Serge LeClerc – the turning point

24 Feb

“The secret of life,” Serge LeClerc said in Foam Lake recently, “is not the choice you make. It’s the choices you do not make.”

LeClerc would know. It was a choice that he did not make – to stay at school one Friday afternoon – that led to a brutally abusive training centre, crime, drug addiction, and, eventually, life as one of Canada’s major drug lords. Another choice he rejected allowed him to turn his life around.

LeClerc, now a Saskatchewan MLA, is the son of a Cree mother who was raped at 14. Unable to read or write, living in Toronto, she worked two dishwashing jobs with Sunday off. . “She was a very strong Christian who gave me a set of guidelines and an ethical certainty that I could follow. My identify was framed by the kids in the inner city who didn’t want to fight me because I was a talented boxer. I had talent, and I had mother’s faith.”

However, in order to fit in with a group of older boys, he skipped school and went shoplifting with them. He was caught. The judge branded his Aboriginal mother unfit and sent LeClerc to St. John’s Training School, run by the Christian Brothers. He was physically abused. He ran away, was captured, and beaten some more. He managed a grade 5 education. He did get a new identity. “I discovered that people were motivated by fear and greed. I learned that it was better to be the predator than the prey.”

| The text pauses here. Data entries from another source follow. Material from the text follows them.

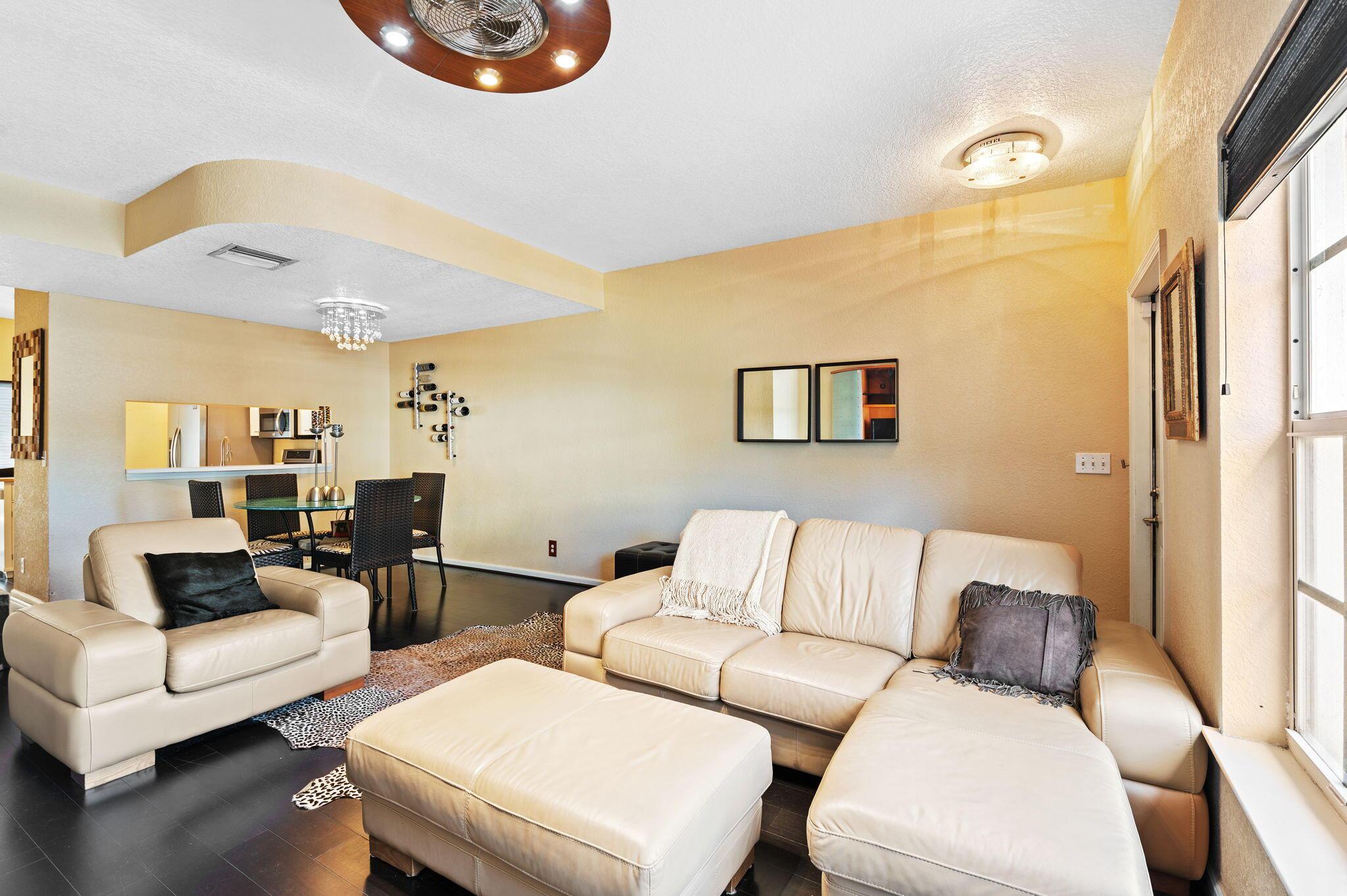 5628 NW 99th Lane, Coral Springs, FL 33076, Coral Springs - Photo 5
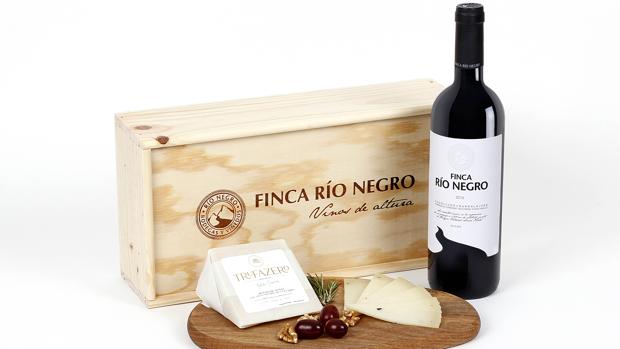 El vino de Finca Río Negro y el queso de Trufazero maridan para celebrar la Navidad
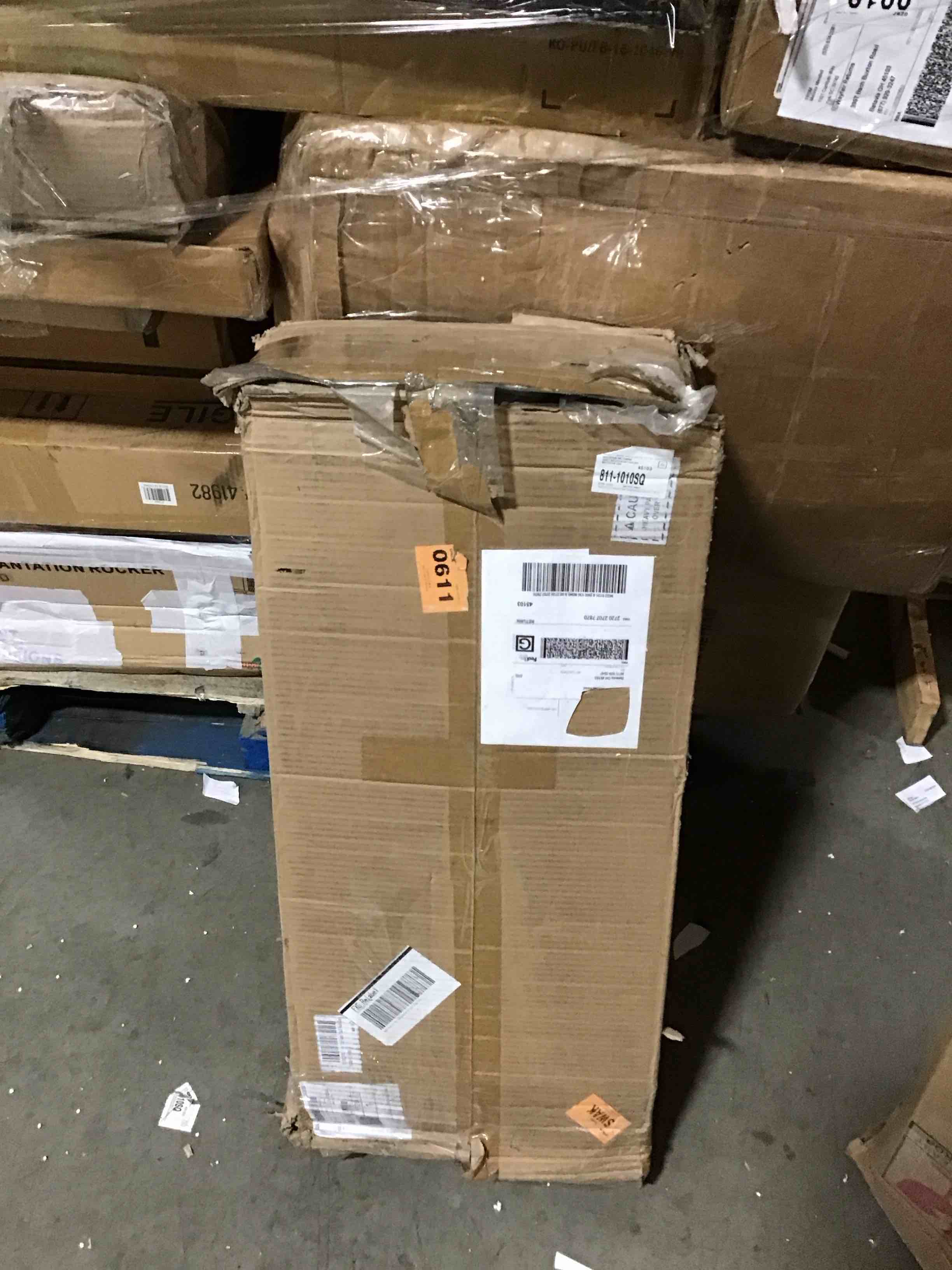 https://s3.amazonaws.com/lotting-images-prod/bidfta/RED6069284_1712329874374.jpeg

Eventually, he became Canada’s third largest drug dealer. By 1984, he had a $40 million crystal meth lab, a drug store chain to facilitate importing chemicals, and a string of laundromats to launder money. “I never lied, I never broke my word,” he said. “I said that if you wanted drugs and paid me, I’d get you the best quality possible. And if you didn’t pay me, I would hurt you.”

In his late 30s, he was in jail again, for the fifth time, facing a nine year prison sentence, waiting for a transfer to a super max prison.

A prison volunteer distributing magazines challenged LeClerc. “He told me that I could believe that I was an animal that walks on two legs and there was no meaning to my life – that I began to die as soon as I was born. Or, I could believe that there is a Creator, that I was a creation, that I had a soul and, therefore, had great value. I could choose only one,” he said.

A few months later, LeClerc watched a 19-year-old inmate rip up sheets and hang himself. The kid was in prison for buying crystal meth that had come from LeClerc’s labs. He considered suicide. Then, in his deepest, darkest moment, he chose not to kill himself. He went, instead, to the chapel.

“My mother was right in the things she taught me as a child,” he said. “I began a journey. I began to shed the baggage of prison life. Within six months, I had quit doing drugs and selling drugs. I quit carrying a knife and wanting to stab people. I quit swearing in church about 18 months later – these things take time.”

Taking correspondence courses, he earned General Social Work certification while in prison. When he was released, he enrolled at the University of Waterloo. By the time he graduated with a double Honours degree in Sociology and Social Work, he was on the President’s Honours list for outstanding achievement.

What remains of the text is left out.